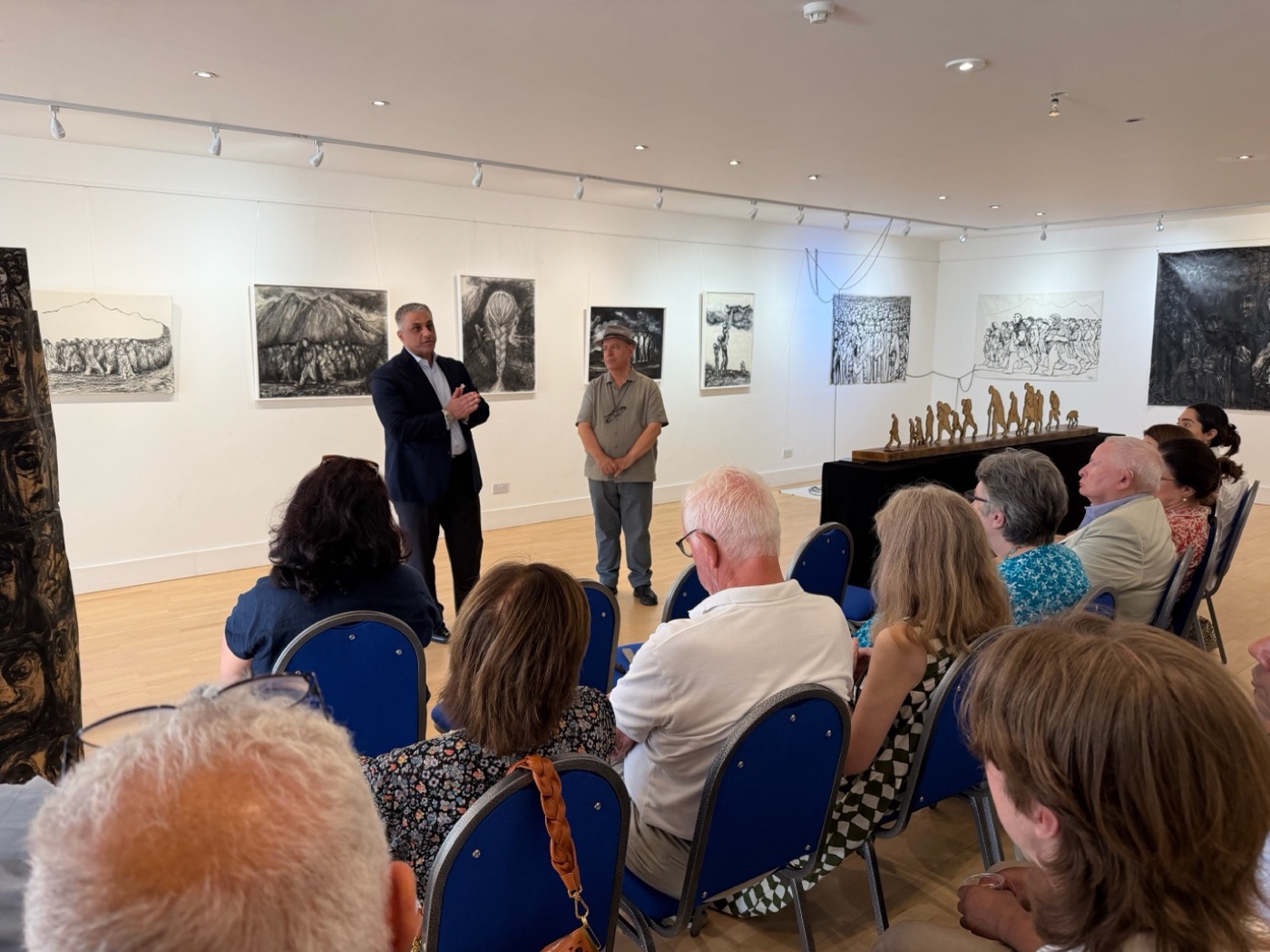 Speakers address a seated audience at a Kurdistan Society exhibition event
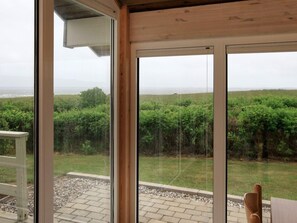 Una habitación con grandes puertas de cristal que dan a un jardín con vistas al mar.
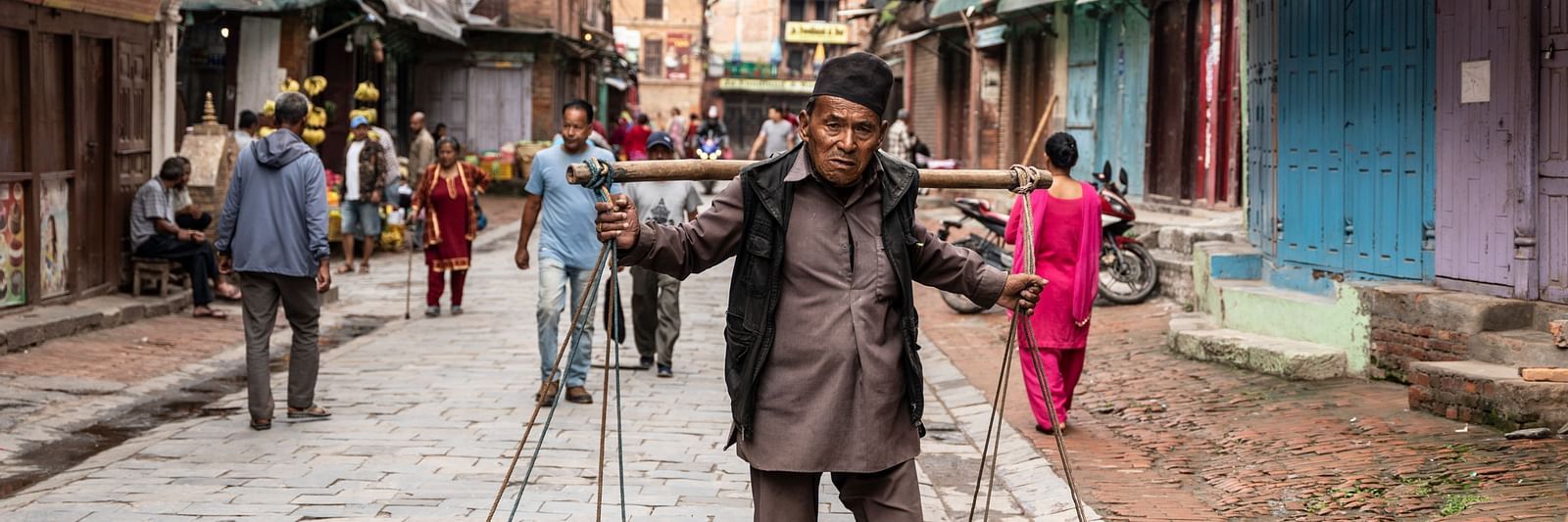 A man carrying vegetables on bamboo baskets attached to a pole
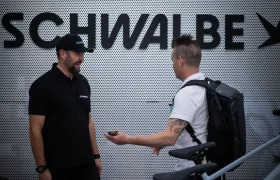Dos hombres de pie delante de un cartel de SCHWALBE; uno sostiene una llave o dispositivo y una bicicleta, mientras que el otro, posiblemente Jordi Bagó de una entrevista Jordi Bagó, lleva una camisa negra y una gorra.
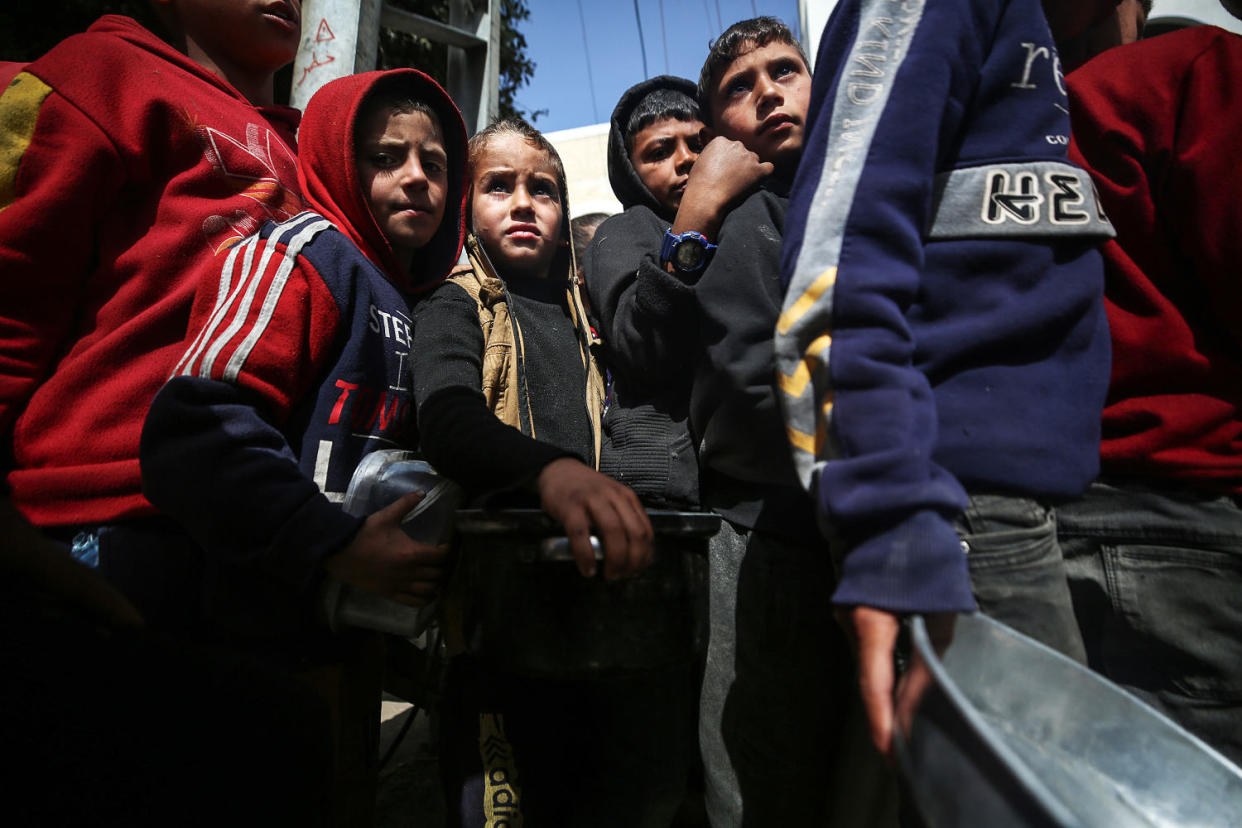 Humanitarian Aid in Gaza: Palestinians Receive Food Rations Amid Conflict (Majdi Fathi / NurPhoto via Getty Images)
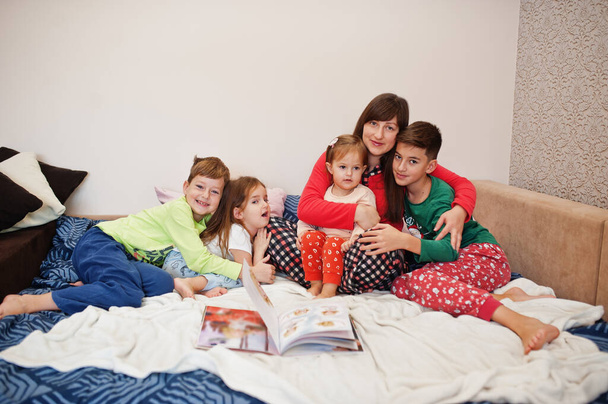 Happy big family is having fun together in bedroom. Large family morning concept. Mother with four kids wear pajamas read book in bed at home. - Фото, изображение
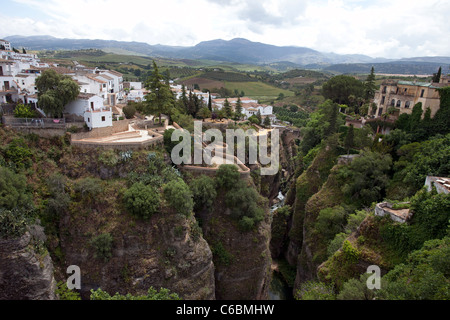 Historische Brücke über die tiefe Schlucht nach Ronda Spain mit Restaurant im Freien. Hotels und Apartments am Rand der steilen Klippe. Stockfoto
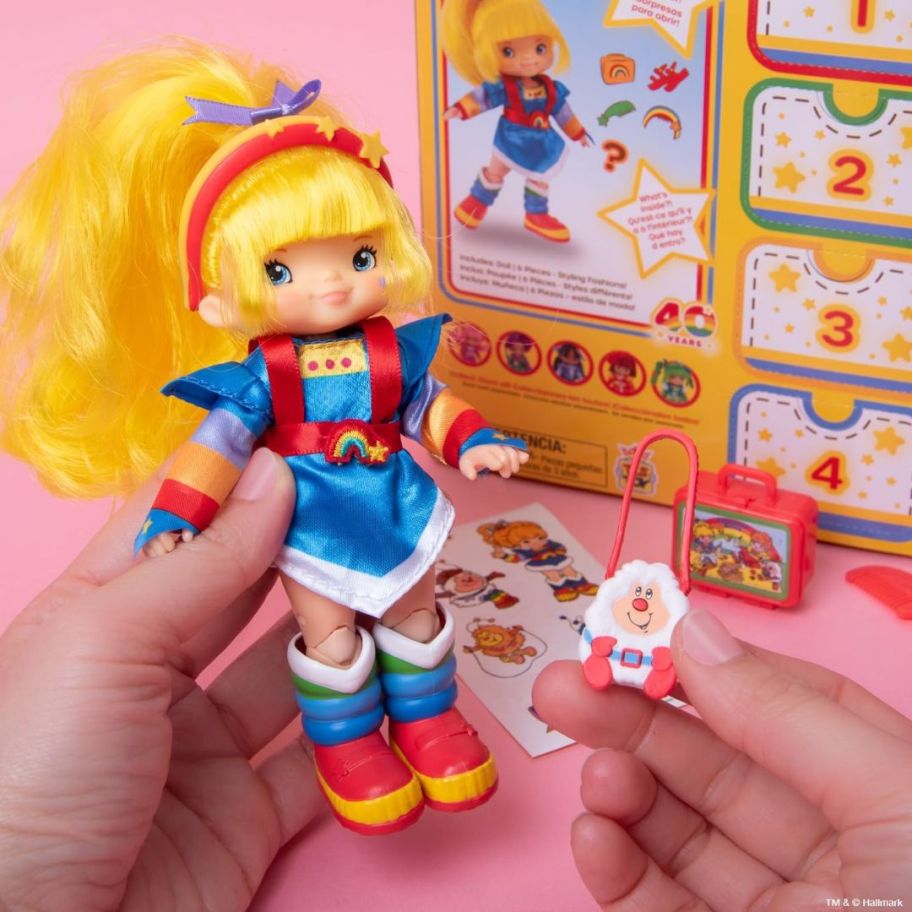 hand holding a small Rainbow Brite doll with accessories, doll box behind it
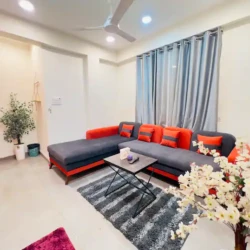 Modern living room of a private & cozy studio with L-shaped sofa, wall-mounted TV, and stylish decor setup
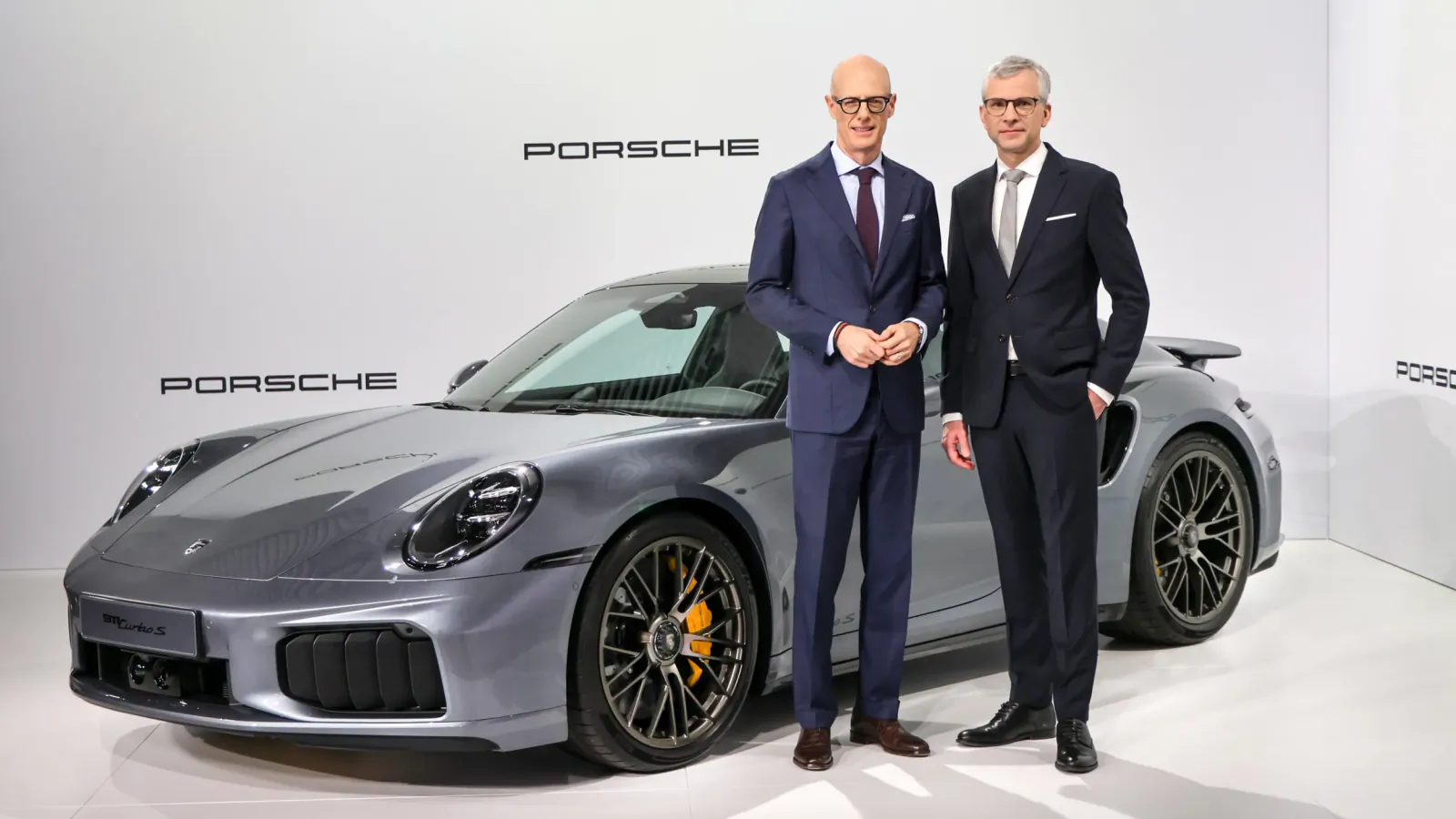 Two suited executives, one with glasses, stand beside a sleek gray Porsche 911 sports car in a studio.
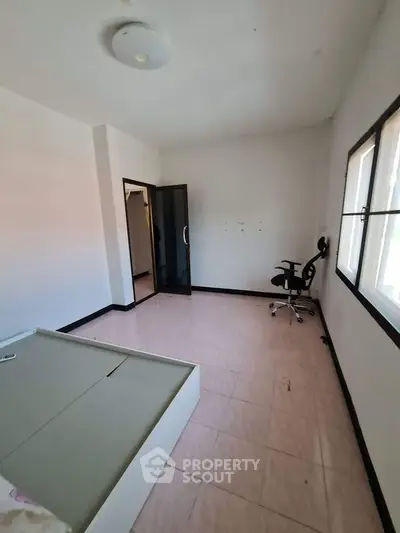 Spacious bedroom with minimalist design and natural light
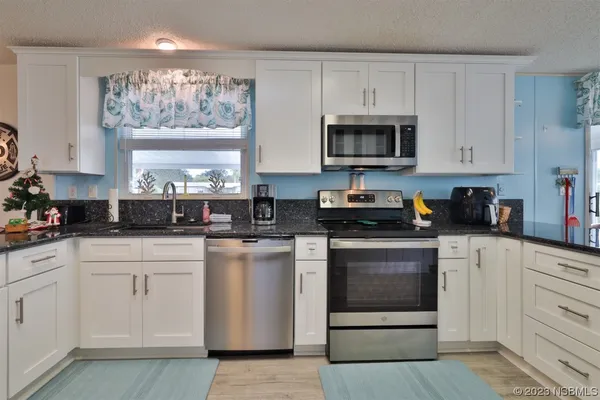 a kitchen with white cabinets and white appliances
────────────────────────────────────────
- [What the task requires]:
Give again exactly the lines from the one holding "Una habitación con" to the final line of the records, both ends included; any pictures stay out.

- [Expected answer]:
 Una habitación con grandes puertas de cristal que dan a un jardín con vistas al mar.
 A man carrying vegetables on bamboo baskets attached to a pole
Dos hombres de pie delante de un cartel de SCHWALBE; uno sostiene una llave o dispositivo y una bicicleta, mientras que el otro, posiblemente Jordi Bagó de una entrevista Jordi Bagó, lleva una camisa negra y una gorra.
 Humanitarian Aid in Gaza: Palestinians Receive Food Rations Amid Conflict (Majdi Fathi / NurPhoto via Getty Images)
 Happy big family is having fun together in bedroom. Large family morning concept. Mother with four kids wear pajamas read book in bed at home. - Фото, изображение
 Historische Brücke über die tiefe Schlucht nach Ronda Spain mit Restaurant im Freien. Hotels und Apartments am Rand der steilen Klippe. Stockfoto
 hand holding a small Rainbow Brite doll with accessories, doll box behind it
 Modern living room of a private & cozy studio with L-shaped sofa, wall-mounted TV, and stylish decor setup
 Two suited executives, one with glasses, stand beside a sleek gray Porsche 911 sports car in a studio.
 Spacious bedroom with minimalist design and natural light
 a kitchen with white cabinets and white appliances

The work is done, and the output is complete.